Making grant $ stretch through networking

HIV clients become peers, peers become staff

A New York City AIDS organization has demonstrated for years how to stretch funding and make programs more effective through a combination of collaborative meetings, networking, and volunteers.

"What has been really helpful to us as a collaborative is we have a very large network of women who work within other nonprofit organizations and who volunteer with us," says Claire Simon, executive director of The Women's HIV Collaborative of New York in New York, NY.

The network has stretched dollars and its small staff of two fulltime and one part-time employees by giving the organization access to researchers who volunteer time for projects, and it's helped with policy relations and advocacy work, Simon says.

The collaborative's work involves connecting HIV-positive women and girls to services throughout New York City.

For example, the organization publishes a pocket guide to HIV/AIDS services. It's 52-page booklet that is designed to fit in a woman's purse.
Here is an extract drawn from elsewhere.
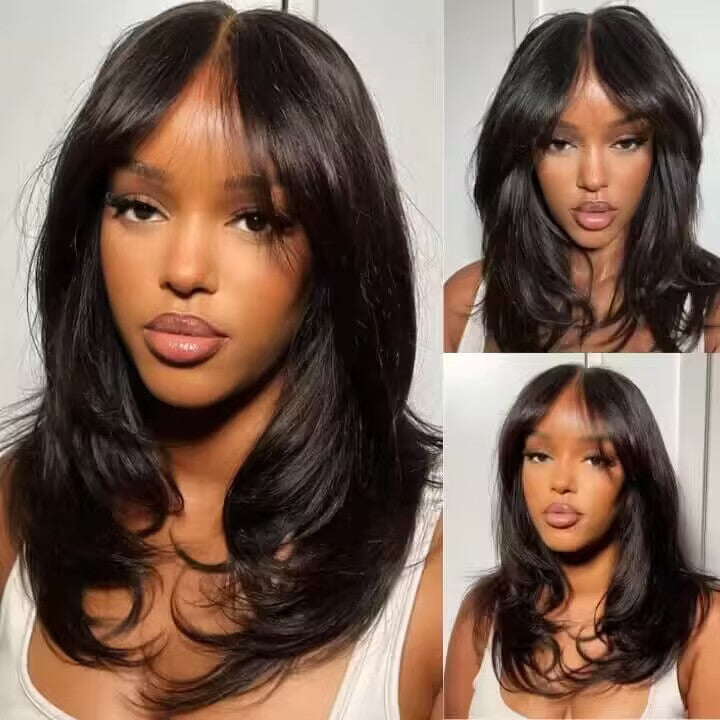 13x4 HD Lace Frontal Wig with Curtain Bangs - Butterfly Cut Straight Human Hair with Pre-Bleached Knots - 12 / 8x5 Pre Cut Lace / 150% - Lyvelle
Soon, it will also be available on the organization's Web site, Simon says.

"We've committed to having this document in as many organizations as possible and at the department of health testing sites," Simon says. "We particularly want it available at places where women can get tested, and if they are diagnosed as HIV positive, we want it to be something they can walk out the door with."

Another strategy involves the organization's community roundtable meetings in which leaders from a wide variety of groups and government entities gather to discuss their roles in helping women.
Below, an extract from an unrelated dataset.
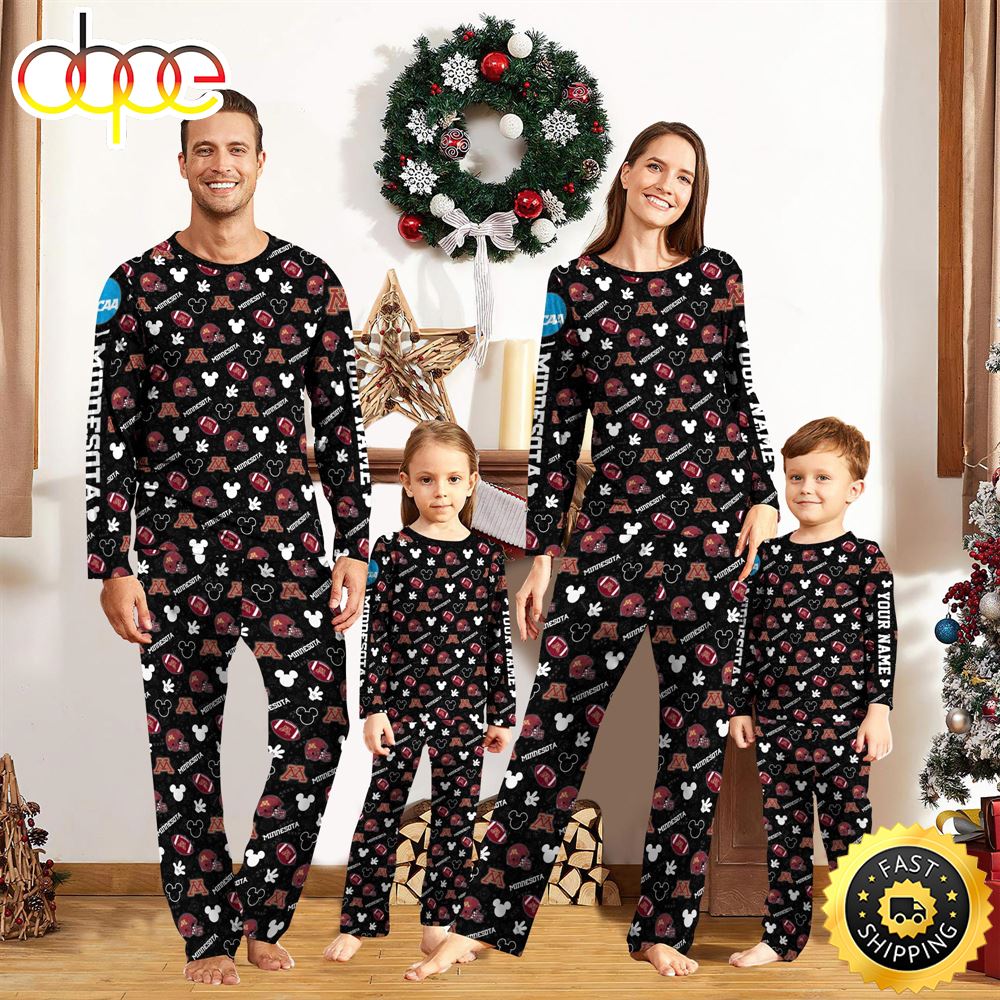 Minnesota Golden Gophers NCAA And Mickey Mouse Pajamas Custom Your Name gpnnp4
The roundtable meetings typically focus on a theme, such as women and the criminal justice system, which had about 75 attendees, representing 20-25 different groups, Simon explains.

At this roundtable meeting, attendees discussed how women in the criminal justice system learn of their HIV status and what happens with them when they have children who are taken away from them or when they have a partner who also is incarcerated, Simon says.
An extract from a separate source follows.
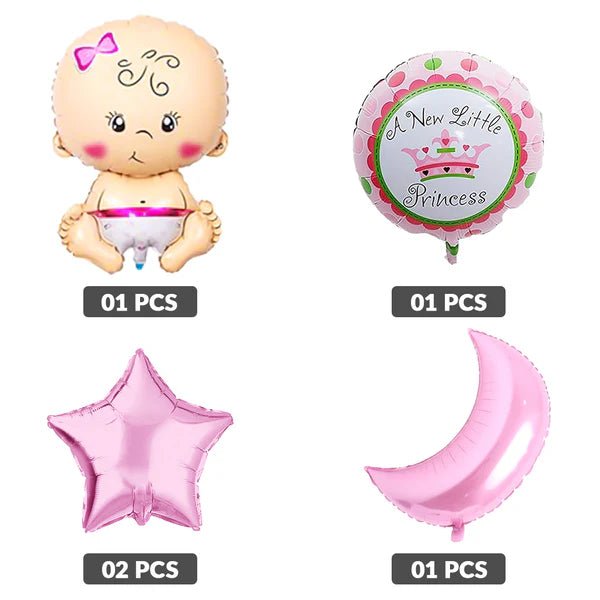 A New Little Princess – 5 Pcs Foil Balloon Set (It’s a Girl) - aliakbardecoration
"We provide a space where partners can come together and build up relationships," Simon says. "It's a relationship-building tool."

The meetings usually are held on the second Thursday of the month, from 9 a.m. to 11 a.m. The panel consists of people with a range of views from direct service to research to advocacy and policy work, Simon says.

Panel moderators typically provide background information and statistics, and then each panelist discusses his or her own interest in the topic being discussed, she adds.

"They talk about what's happening with the population, what they're seeing, and what are the gaps in services," Simon says. "Then we generally try to get a person directly involved, like a woman who had been incarcerated, to speak about her experiences."

As the panelists and audience raise various issues and challenges, someone else attending the meeting might speak up with a potential solution.

"Everyone can ask questions and make comments, and this is where the networking comes in," Simon explains. "One goal of the collaboration is to create innovative solutions and strategies around these issues."

Often, attendees will raise questions, and then someone there will offer a creative solution and expertise to making the solution happen.

"Someone could say they'd write a grant or develop a plan for a solution," Simon says.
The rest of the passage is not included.